Bay Area Folk, Bluegrass, Old-Time and New Acoustic Music – The Boom, Bust & Rebirth

Book in progress – to be published in 2027 by The History Press

Photo Courtesy of Northwestern University Library’s “The Berkeley Folk Music Festival & the Folk Revival on the US West Coast

In 1972, legendary folk musician Mike Seeger “instigated, coordinated and edited” a collection of old-time country tunes by performing artists based in Berkeley, California.  In an excerpt from the liner notes written by traditional musician Rita Weill, she reflected:

“Music is one of the threads of a community’s life-style, and can be found more readily off – stage than on. Although Berkeley is not the country, but is a complexity of cultures and counter-cultures, with many stages and performers of various persuasions …its musical scenes weave a tapestry that covers the community and binds it together with grace, style, humor and rich aural hues. Hence, we call this album, Berkeley Farms. The lives of the musicians represented here, range well into their private and global community in, many ways, but folk music provides the warp and woof of their activities.” 

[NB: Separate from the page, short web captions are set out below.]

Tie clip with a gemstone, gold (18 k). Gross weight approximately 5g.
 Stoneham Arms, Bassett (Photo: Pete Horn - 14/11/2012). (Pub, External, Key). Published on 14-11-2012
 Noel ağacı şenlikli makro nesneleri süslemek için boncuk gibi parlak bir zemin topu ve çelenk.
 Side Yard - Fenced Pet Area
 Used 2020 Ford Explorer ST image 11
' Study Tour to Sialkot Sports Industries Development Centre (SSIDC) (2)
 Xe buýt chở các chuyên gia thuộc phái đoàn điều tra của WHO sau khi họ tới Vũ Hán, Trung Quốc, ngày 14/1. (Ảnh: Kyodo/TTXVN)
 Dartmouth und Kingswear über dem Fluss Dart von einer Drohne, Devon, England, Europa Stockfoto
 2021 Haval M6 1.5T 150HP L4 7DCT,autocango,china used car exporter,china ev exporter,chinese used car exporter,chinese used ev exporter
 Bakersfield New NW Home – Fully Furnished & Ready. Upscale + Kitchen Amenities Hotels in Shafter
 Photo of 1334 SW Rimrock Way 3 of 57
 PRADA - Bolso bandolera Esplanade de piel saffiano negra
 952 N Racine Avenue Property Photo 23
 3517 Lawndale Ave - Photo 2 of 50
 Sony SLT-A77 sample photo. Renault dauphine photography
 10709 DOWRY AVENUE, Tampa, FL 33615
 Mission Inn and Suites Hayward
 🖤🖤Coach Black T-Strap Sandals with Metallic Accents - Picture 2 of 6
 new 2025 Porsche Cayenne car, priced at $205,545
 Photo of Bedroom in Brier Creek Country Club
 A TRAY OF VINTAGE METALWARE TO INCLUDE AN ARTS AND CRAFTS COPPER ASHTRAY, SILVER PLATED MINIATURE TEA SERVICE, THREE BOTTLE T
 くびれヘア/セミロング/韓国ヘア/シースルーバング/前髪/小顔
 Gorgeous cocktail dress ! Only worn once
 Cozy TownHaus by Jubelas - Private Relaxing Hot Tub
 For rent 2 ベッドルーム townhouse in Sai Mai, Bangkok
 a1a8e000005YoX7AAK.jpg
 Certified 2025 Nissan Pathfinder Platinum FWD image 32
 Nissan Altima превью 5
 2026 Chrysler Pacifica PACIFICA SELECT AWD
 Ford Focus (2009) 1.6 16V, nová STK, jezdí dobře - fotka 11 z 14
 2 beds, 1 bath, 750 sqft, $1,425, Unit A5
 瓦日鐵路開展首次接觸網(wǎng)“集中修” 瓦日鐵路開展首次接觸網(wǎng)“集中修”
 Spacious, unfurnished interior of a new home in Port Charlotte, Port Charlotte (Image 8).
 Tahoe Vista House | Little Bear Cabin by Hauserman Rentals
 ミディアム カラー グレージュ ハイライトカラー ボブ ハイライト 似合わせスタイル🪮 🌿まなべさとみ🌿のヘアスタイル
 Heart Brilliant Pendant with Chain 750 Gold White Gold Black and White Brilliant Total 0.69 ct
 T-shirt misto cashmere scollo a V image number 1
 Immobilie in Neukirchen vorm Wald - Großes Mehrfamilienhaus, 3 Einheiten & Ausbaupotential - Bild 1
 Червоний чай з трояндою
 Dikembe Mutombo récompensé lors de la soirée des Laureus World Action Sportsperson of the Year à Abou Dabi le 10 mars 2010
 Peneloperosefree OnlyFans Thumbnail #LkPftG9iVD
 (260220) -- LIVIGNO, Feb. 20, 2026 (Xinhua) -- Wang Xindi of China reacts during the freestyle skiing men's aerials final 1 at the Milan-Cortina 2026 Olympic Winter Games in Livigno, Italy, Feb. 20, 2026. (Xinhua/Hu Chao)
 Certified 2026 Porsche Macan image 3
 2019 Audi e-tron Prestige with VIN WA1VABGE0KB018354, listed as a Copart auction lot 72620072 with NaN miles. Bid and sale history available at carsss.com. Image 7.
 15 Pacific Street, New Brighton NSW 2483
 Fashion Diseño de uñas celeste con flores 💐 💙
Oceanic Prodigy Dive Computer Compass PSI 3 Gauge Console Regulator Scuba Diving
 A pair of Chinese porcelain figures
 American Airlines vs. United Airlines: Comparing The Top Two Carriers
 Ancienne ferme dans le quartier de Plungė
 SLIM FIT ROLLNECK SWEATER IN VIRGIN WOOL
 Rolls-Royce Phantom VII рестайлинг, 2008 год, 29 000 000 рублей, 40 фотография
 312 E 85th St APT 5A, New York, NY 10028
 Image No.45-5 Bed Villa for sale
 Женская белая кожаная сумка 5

Berkeley was indeed a folk-boom town with the historic Berkeley Folk Music Festival, numerous coffee houses, and its own magazine, started by Country Joe McDonald.  Across the bay in San Francisco, the Kingston Trio had put folk music on top of the charts with their version of “Tom Dooley” in 1958 and in the early 1960’s, Jerry Garcia and Jorma Kaukonen were playing bluegrass and acoustic blues before plugging in to form the Grateful Dead and Jefferson Airplane, respectively.

In 2021, Folkways Recordings released a compilation of recordings made at various locations in the San Francisco Bay Area by amateur folk music aficionado, and amateur audio engineer Alan Oakes.  With over four dozen songs recorded during the 1960s the album puts a spotlight on the significant folk scene that was alive and well throughout the Bay Area.  Alongside legendary folk, blues and bluegrass artists such as Doc Watson, Rev. Gary Davis, Mississippi Fred McDowell and the New Lost City Ramblers, the talented musicians that called the Bay Area home were also featured as part of the collection.  Some were natives, but most had arrived in the 1960’s in search of the California dream.

Entitled the Village Out West the collection put forward the suggestion that while Greenwich Village in New York City was, without a doubt, the epicenter of the folk revival in the 1950s and ‘60s – and San Francisco and Berkeley will always be best remembered for psychedelic rock – the Bay Area has a rich history of not only preserving folk traditions, but is fertile ground for the exploration, enhancement and expansion of American roots music.

This book takes that notion and explores how the coffeehouses, performance halls, festivals and record companies provided the foundation for the kaleidoscopic array of singers and songwriters, blues and bluegrass musicians, concert promoters and record producers and audiences that have navigated the boom, bust and rebirth of folk and acoustic music in the Bay Area.